Encantamento
É a primeira
emoção que inunda a sensibilidade de quem vê, pela primeira vez, a ilha. Vindo
de fora, a ilha induz, na percepção do forasteiro, o encanto. Rompida a bruma
pelo avião, só os olhos comunicam com a ilha, só eles interagem com os
contornos e as cores que a ilha, qual mestre do oculto, permite à observação.
Imagina-se, então, os que se aproximam de barco, para quem a ilha surge como um
sonho flutuando que esgaça as neblinas. Porque, para um ilhéu, a ilha sempre
flutua suspensa no tempo.
Actualmente a
ilha começa sempre por ser uma, ou várias, fotografias coloridas com bons
ângulos, de boas perspectivas, em bonitos dias. O papel da impressão da revista
também ilude. A projecção do sonho está feita. Parte-se do sonho para o
encantamento. E o primeiro contacto, aquele que impressiona, é encantamento.
Pôr os pés na ilha, a sempre encantada, é a concretização do sonho.
A ilha é
sempre um local idílico. Recolhido o fruto da primeira impressão, é com ele que
o forasteiro caminha na ilha.
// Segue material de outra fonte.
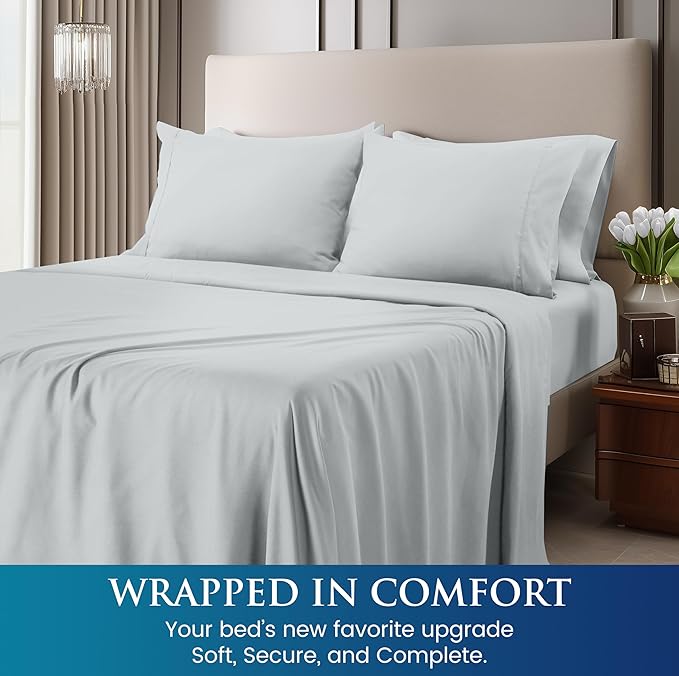 Utopia Bedding Queen Size 4 Piece Sheet Set - Image 4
Mas caminha entre realidades vividas cuja
absorção escapa à gravação na película da primeira impressão. Há uma barreira
transparente que inibe a percepção real por aquele que foi tocado pelo
encantamento. E essa barreira é muito mais contundente nos dias solarengos do
que nos dias brumosos das ilhas. O forasteiro, todo aquele que chega vindo de além-mar,
passeia-se entre as pessoas e paisagens, construções e animais. Passeia-se
usufruindo do clamor dos seus sentidos, atendendo, assim, muito pouco aos
pontos que, ligados entre si, lhe dariam a composição da realidade, que
substituirá a alheia. O forasteiro cruza-se com outras pessoas, alguns
forasteiros e outros, mais, ilhéus. Mas com estes cruza-se como se fluíssem em
planos diferentes. O ilhéu mostrar-se-á sempre com um sorriso anódino, ou um
semblante natural e candidamente cerrado. Não deixará transparecer, de forma a
que seja perceptível por forasteiros, emoções ou esgares. São foro interno. Se
a teoria dos mundos paralelos tivesse demonstração, ter-se-ia de começar esse
exercício pela ilha. O forasteiro vê os limites físicos da ilha, nos alcantilados
ou nas praias, em horizontes de flutuação. Nunca se apercebe do que limita o
ilhéu. Vagueia pela ilha, o forasteiro, prendendo em película, hodiernamente
mais em pixéis, pedaços da sua concepção de ilha. Só pedaços. O alcance da sua perspectiva,
empolada pelo encantamento inicial, é sempre impotente para abarcar tudo o que
os seus sentidos, globalmente, apreendem. Cores, contrastes, colapsos,
recônditos e muitos pormenores que há muito perderam o interesse dos ilhéus.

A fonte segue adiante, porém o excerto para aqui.